@Smashley It’s an impossible question to answer. I have a human being in my life who is my favorite person in the world. I cannot possibly comment on a desire to have him never exist. But I can share about the pain that both of us experience in an ongoing way. My very clear trauma from abuse and his existential trauma about the circumstances of his conception and his difficulties being raised by a traumatized, fearful, angry, and resentful mother.
If we were to remove him (the person he is and our relationship) entirely from the equation, yes, I would have preferred to abort. But that is not possible and is of questionable use to think about, in my opinion.
My point was to raise some of the difficulties that I uniquely experienced. Having an unwanted pregnancy at a very young age, interrupting my development and social relationships, majorly impacting my financial state, education and career trajectory, severe mental illness, long-term health consequences (that are costly), etc. I’ll add that being so young severely compounded my trauma and I don’t know what this experience is like for people who felt “ready” for parenting.
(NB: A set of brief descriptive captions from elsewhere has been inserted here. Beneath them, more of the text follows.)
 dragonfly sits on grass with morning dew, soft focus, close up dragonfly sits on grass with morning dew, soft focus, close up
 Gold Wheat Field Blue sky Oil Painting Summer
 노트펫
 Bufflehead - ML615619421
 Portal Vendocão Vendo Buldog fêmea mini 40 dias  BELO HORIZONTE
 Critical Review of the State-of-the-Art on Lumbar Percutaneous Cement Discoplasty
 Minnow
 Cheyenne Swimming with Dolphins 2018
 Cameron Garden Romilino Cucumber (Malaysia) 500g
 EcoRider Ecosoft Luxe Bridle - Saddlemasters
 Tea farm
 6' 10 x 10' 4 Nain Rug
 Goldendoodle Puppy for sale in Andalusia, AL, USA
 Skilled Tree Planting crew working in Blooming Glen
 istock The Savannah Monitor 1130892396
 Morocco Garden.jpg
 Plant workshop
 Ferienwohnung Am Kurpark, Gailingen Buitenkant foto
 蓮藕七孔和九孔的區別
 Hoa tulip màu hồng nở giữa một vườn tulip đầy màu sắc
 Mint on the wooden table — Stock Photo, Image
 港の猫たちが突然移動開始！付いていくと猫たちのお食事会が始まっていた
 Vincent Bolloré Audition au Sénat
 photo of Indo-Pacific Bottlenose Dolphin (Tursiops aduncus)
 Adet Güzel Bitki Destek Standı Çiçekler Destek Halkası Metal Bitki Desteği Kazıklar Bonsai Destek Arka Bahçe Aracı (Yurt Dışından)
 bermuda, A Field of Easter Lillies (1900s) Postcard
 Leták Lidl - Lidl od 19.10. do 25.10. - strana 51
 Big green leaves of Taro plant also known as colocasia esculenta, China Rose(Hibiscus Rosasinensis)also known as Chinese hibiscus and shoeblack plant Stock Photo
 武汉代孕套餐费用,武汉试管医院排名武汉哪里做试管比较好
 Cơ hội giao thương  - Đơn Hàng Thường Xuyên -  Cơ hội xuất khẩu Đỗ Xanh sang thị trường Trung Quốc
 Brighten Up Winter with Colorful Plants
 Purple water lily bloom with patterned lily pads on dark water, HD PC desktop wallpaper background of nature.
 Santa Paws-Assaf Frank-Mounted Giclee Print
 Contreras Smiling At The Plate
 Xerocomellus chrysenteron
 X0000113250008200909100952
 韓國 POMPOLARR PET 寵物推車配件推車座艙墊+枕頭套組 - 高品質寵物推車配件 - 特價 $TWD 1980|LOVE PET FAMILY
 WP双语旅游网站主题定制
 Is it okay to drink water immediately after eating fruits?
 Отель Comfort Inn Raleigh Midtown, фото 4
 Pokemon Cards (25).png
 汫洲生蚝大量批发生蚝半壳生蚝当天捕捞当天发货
You point out how personal these debates feel when we personally experience something that most people do not and those are the people who make laws about it. The thought that all pregnancies from rape SHOULD result in rape is a difficult one for me to wrap my head around and is personally painful, particularly to my son. But I absolutely think it should be an option. It is very confusing for anti-abortion people to have a pro-abortion stance in cases of rape, but I just have to believe that their intent is a good one. While I fundamentally believe that abortion should be a strong option for victims of sexual assault, I don’t believe that is the only circumstance in which abortion should be offered.